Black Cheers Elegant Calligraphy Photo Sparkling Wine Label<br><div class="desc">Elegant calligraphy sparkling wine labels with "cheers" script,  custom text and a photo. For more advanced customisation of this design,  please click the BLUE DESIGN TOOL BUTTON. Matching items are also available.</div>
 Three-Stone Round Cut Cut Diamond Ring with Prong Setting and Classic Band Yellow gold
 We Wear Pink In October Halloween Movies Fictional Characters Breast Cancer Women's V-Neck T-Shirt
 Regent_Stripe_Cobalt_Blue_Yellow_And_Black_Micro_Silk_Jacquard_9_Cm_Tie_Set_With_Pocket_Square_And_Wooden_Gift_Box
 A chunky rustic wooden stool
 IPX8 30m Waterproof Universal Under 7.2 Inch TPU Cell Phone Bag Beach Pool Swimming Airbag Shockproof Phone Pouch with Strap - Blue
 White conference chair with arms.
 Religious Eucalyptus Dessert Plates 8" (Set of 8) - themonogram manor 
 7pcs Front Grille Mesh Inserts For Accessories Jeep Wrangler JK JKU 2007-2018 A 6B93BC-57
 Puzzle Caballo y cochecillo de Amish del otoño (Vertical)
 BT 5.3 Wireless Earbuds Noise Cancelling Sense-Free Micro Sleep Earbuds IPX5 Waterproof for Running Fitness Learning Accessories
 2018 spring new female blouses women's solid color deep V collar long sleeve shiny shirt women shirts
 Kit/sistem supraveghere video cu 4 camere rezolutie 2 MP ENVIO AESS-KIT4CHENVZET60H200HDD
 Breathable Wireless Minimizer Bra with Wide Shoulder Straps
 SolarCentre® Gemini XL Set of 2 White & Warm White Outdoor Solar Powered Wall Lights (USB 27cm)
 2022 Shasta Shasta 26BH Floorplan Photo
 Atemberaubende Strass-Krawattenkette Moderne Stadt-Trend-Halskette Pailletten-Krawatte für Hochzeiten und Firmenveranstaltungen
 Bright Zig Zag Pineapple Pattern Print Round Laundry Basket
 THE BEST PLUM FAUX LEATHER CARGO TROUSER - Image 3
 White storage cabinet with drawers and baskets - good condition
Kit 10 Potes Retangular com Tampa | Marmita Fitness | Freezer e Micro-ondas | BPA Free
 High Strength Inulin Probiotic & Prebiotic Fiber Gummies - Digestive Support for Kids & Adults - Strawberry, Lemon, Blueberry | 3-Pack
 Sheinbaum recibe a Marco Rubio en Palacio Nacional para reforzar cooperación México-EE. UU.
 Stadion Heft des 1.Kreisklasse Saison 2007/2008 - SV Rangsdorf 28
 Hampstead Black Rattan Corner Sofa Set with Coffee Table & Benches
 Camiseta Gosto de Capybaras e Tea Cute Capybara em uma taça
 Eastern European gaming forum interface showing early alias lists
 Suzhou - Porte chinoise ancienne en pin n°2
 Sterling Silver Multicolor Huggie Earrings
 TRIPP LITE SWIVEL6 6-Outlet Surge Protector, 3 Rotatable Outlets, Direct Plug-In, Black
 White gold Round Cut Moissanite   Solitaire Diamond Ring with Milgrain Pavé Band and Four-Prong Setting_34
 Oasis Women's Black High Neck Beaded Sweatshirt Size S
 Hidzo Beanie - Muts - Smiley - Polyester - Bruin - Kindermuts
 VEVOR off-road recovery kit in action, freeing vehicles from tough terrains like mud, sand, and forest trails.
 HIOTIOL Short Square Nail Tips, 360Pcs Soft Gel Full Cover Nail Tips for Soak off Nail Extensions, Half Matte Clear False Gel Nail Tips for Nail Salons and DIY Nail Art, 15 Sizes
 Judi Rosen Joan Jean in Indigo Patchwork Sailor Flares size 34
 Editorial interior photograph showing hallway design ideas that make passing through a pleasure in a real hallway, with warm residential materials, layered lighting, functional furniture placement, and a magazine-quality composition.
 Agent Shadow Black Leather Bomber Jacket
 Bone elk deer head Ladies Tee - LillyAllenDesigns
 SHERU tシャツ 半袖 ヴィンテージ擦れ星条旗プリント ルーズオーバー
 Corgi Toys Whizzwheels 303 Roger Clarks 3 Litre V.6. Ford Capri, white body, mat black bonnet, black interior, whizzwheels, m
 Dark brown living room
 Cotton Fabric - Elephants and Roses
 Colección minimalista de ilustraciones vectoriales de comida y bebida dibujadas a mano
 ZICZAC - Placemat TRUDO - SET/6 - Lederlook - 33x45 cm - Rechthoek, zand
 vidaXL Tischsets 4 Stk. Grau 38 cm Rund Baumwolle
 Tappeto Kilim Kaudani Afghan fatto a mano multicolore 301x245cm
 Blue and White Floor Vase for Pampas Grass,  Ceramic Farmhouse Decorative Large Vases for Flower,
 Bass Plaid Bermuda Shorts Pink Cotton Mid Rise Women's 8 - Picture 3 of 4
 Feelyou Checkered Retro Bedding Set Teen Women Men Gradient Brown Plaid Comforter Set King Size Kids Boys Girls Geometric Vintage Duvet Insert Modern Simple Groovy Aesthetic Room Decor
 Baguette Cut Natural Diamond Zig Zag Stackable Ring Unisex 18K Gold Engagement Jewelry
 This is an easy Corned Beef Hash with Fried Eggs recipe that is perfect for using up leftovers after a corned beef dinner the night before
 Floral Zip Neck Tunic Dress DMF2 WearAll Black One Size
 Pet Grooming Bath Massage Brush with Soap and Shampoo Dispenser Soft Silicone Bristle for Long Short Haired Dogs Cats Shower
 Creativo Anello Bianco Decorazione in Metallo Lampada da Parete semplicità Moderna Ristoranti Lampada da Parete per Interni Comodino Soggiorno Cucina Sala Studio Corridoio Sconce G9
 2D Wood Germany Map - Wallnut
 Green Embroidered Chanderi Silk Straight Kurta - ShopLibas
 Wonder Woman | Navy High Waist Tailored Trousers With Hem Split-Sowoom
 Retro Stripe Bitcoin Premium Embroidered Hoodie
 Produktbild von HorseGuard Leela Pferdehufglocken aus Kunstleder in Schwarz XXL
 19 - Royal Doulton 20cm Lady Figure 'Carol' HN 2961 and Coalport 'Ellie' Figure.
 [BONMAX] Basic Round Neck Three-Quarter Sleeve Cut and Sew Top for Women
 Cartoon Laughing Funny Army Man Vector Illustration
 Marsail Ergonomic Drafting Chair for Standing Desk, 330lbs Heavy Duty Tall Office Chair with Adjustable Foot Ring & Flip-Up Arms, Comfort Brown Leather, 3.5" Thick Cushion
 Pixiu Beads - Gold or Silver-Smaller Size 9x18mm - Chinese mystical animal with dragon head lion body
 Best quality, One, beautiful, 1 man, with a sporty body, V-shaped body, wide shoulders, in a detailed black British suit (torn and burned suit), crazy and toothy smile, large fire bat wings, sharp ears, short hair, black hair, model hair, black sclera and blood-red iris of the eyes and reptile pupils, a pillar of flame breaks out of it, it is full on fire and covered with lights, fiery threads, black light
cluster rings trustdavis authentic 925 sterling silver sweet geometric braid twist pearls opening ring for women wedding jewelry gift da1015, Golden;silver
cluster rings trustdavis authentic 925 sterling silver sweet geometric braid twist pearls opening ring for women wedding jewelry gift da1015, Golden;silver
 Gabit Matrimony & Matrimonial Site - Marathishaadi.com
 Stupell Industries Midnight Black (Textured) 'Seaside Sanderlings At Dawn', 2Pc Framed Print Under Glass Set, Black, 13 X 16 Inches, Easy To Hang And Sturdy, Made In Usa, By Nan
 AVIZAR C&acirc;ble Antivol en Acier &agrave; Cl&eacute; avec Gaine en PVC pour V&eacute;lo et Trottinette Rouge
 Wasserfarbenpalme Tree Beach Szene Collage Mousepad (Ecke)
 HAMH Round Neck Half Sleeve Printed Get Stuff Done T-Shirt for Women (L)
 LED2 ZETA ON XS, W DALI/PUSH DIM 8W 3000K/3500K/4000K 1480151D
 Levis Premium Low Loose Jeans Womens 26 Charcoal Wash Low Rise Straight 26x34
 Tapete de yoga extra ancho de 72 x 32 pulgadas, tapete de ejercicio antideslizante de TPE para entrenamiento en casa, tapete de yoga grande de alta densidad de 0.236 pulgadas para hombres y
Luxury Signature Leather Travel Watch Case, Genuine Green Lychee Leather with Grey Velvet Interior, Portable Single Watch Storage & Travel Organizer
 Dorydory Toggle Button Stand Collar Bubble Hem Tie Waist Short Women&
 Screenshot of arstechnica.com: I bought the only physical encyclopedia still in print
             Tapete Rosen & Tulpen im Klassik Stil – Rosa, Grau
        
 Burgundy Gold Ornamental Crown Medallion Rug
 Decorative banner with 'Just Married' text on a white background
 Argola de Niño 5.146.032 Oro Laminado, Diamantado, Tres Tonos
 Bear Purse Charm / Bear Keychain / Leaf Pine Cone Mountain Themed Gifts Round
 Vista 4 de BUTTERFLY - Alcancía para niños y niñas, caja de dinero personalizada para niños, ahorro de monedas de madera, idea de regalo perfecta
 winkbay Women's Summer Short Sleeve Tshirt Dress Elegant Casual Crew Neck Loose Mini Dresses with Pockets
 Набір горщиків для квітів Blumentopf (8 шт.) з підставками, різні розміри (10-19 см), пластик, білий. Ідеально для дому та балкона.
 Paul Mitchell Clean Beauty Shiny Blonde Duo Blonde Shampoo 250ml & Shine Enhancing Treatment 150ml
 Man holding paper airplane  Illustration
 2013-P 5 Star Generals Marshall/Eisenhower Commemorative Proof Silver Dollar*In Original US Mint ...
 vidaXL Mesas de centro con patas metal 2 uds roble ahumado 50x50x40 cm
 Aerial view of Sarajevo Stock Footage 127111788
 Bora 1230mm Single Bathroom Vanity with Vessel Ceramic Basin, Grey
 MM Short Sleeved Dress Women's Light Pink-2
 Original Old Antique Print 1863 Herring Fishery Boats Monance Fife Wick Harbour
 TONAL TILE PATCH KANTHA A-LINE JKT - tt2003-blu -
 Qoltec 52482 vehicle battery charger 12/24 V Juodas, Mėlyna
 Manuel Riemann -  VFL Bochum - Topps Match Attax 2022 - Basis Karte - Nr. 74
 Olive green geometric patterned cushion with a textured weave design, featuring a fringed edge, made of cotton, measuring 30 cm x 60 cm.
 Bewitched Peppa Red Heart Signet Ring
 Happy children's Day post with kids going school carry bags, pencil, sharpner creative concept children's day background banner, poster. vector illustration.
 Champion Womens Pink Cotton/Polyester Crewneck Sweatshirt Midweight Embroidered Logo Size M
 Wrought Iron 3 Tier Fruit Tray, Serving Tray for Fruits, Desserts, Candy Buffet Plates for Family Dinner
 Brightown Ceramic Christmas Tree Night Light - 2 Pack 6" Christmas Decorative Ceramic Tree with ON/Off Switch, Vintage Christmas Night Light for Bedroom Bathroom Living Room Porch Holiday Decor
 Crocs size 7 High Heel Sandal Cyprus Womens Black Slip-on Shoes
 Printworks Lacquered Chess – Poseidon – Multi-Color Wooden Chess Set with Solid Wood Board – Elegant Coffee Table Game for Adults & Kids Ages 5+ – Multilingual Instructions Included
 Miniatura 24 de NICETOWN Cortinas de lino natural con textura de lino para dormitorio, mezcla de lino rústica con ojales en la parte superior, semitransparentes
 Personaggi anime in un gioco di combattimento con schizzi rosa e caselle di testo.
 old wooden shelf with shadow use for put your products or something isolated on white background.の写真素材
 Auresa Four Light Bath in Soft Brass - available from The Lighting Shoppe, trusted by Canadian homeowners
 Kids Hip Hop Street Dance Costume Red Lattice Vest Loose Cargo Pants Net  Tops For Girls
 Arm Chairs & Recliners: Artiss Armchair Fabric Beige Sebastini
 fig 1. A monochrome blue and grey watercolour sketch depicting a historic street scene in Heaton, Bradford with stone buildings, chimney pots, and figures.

▶ [What you need to do]: Write out exactly the lines that fall from the line with "Paul Mitchell Clean" to the line with "old wooden shelf" in the records above, keeping both ends.

▶ [Written response]:
 Paul Mitchell Clean Beauty Shiny Blonde Duo Blonde Shampoo 250ml & Shine Enhancing Treatment 150ml
 Man holding paper airplane  Illustration
 2013-P 5 Star Generals Marshall/Eisenhower Commemorative Proof Silver Dollar*In Original US Mint ...
 vidaXL Mesas de centro con patas metal 2 uds roble ahumado 50x50x40 cm
 Aerial view of Sarajevo Stock Footage 127111788
 Bora 1230mm Single Bathroom Vanity with Vessel Ceramic Basin, Grey
 MM Short Sleeved Dress Women's Light Pink-2
 Original Old Antique Print 1863 Herring Fishery Boats Monance Fife Wick Harbour
 TONAL TILE PATCH KANTHA A-LINE JKT - tt2003-blu -
 Qoltec 52482 vehicle battery charger 12/24 V Juodas, Mėlyna
 Manuel Riemann -  VFL Bochum - Topps Match Attax 2022 - Basis Karte - Nr. 74
 Olive green geometric patterned cushion with a textured weave design, featuring a fringed edge, made of cotton, measuring 30 cm x 60 cm.
 Bewitched Peppa Red Heart Signet Ring
 Happy children's Day post with kids going school carry bags, pencil, sharpner creative concept children's day background banner, poster. vector illustration.
 Champion Womens Pink Cotton/Polyester Crewneck Sweatshirt Midweight Embroidered Logo Size M
 Wrought Iron 3 Tier Fruit Tray, Serving Tray for Fruits, Desserts, Candy Buffet Plates for Family Dinner
 Brightown Ceramic Christmas Tree Night Light - 2 Pack 6" Christmas Decorative Ceramic Tree with ON/Off Switch, Vintage Christmas Night Light for Bedroom Bathroom Living Room Porch Holiday Decor
 Crocs size 7 High Heel Sandal Cyprus Womens Black Slip-on Shoes
 Printworks Lacquered Chess – Poseidon – Multi-Color Wooden Chess Set with Solid Wood Board – Elegant Coffee Table Game for Adults & Kids Ages 5+ – Multilingual Instructions Included
 Miniatura 24 de NICETOWN Cortinas de lino natural con textura de lino para dormitorio, mezcla de lino rústica con ojales en la parte superior, semitransparentes
 Personaggi anime in un gioco di combattimento con schizzi rosa e caselle di testo.
 old wooden shelf with shadow use for put your products or something isolated on white background.の写真素材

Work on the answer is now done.